A brief history of the popcnt instruction:

The first instance of a "count bits" CPU instruction dates back to the 1960s and the Control Data Corporation, the makers of the CDC line of mainframe computers. According to a long since declassified report, the US National Security Agency went to Seymour Cray (then the lead designer at CDC) and asked for a bit count CPU instruction that could be used on the planned CDC 6000 series computers which had 60 bit long words. (These machines were the ones used by the Chess 4.x team with their bitboard program.)

Considering that the government was the main customer of CDC mainframes, Cray was happy to comply. But why did the NSA need a bit count instruction? Were they secretly writing chess programs? What was the instruction anyway?

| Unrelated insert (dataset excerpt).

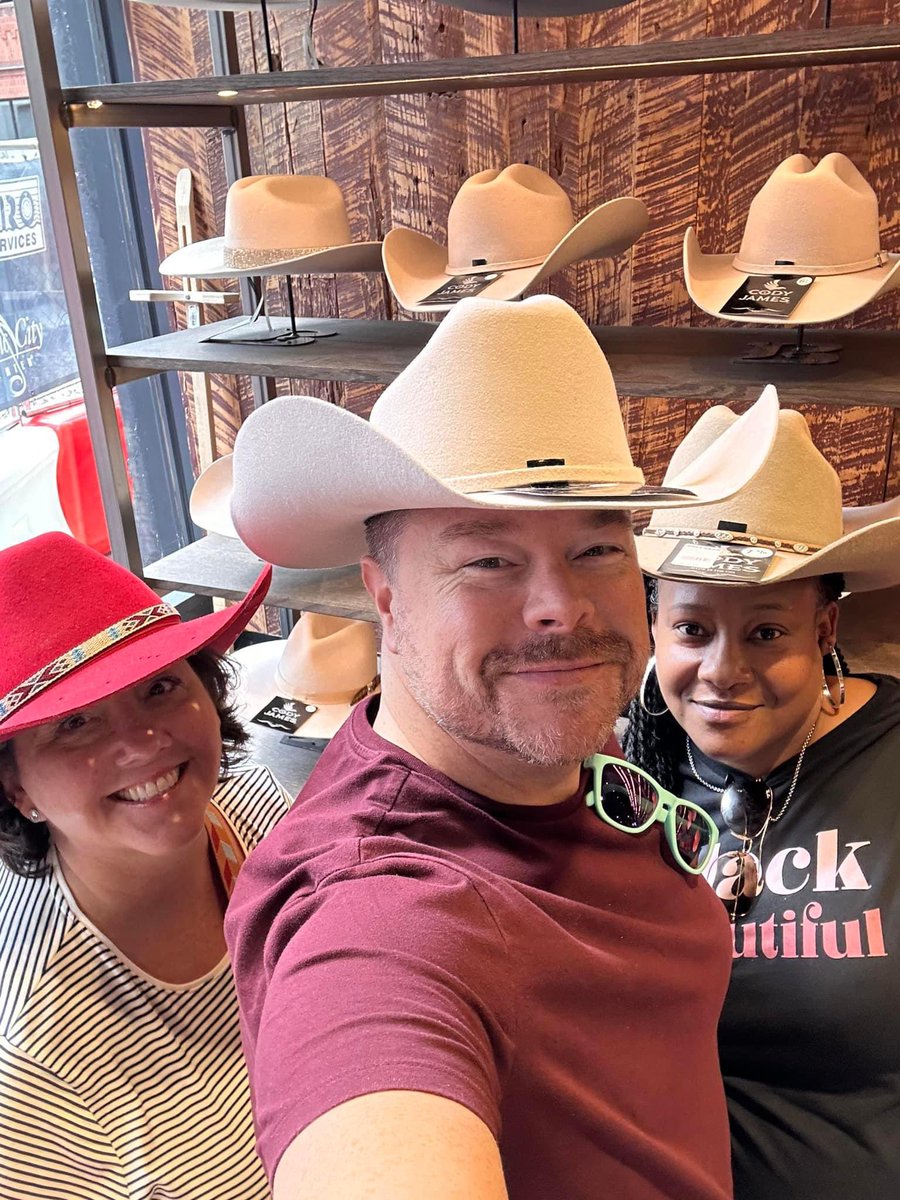 Tymeaco Christopher, M.Ed. (@tymeacoc) on Twitter photo Spent the week in #Nashville at the #NAESP National Conference with my <a href="/OLE_Leopards/">Leonard Elementary</a> Admin Team! #LeadingAndLearning (…and playing a little ☺️) Spent the week in #Nashville at the #NAESP National Conference with my <a href="/OLE_Leopards/">Leonard Elementary</a> Admin Team! #LeadingAndLearning (…and playing a little ☺️)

The actual instruction was "CXi Xj" and in meant "count the number of 1 bits in 60 bit register Xj [j: 0-7] and put the result in register Xi [i: 0-7]". In the low end CDC mainframes, a small auxiliary circuit was tacked on to the floating point divide functional unit. (There was no integer divider.) For the better models, like the ones the government bought, an entire dedicated bit counter was connected to the CPU. This was all done back in the days of rackmounted machines when a CPU needed a tractor trailer for delivery.

The NSA needed the CXi opcode to generate a text line hash for intercepted messages, perhaps mostly cables that were line formatted. For each character in a given line of text, a routine would set a bit in a word with the bit position based on the character code. The 60 bit words of the machine would handle any major alphabet. After each line had been read, the CXi instruction would be executed on the produced word to give a count of distinct characters or the input text line. This count was used as a hash that in turn was used for text matching among messages and perhaps cryptanalysis as well.

Some time after that, similar one-line hashes were used in programs like the Unix "diff" utility to quickly match blocks of text lines. But the government did it first.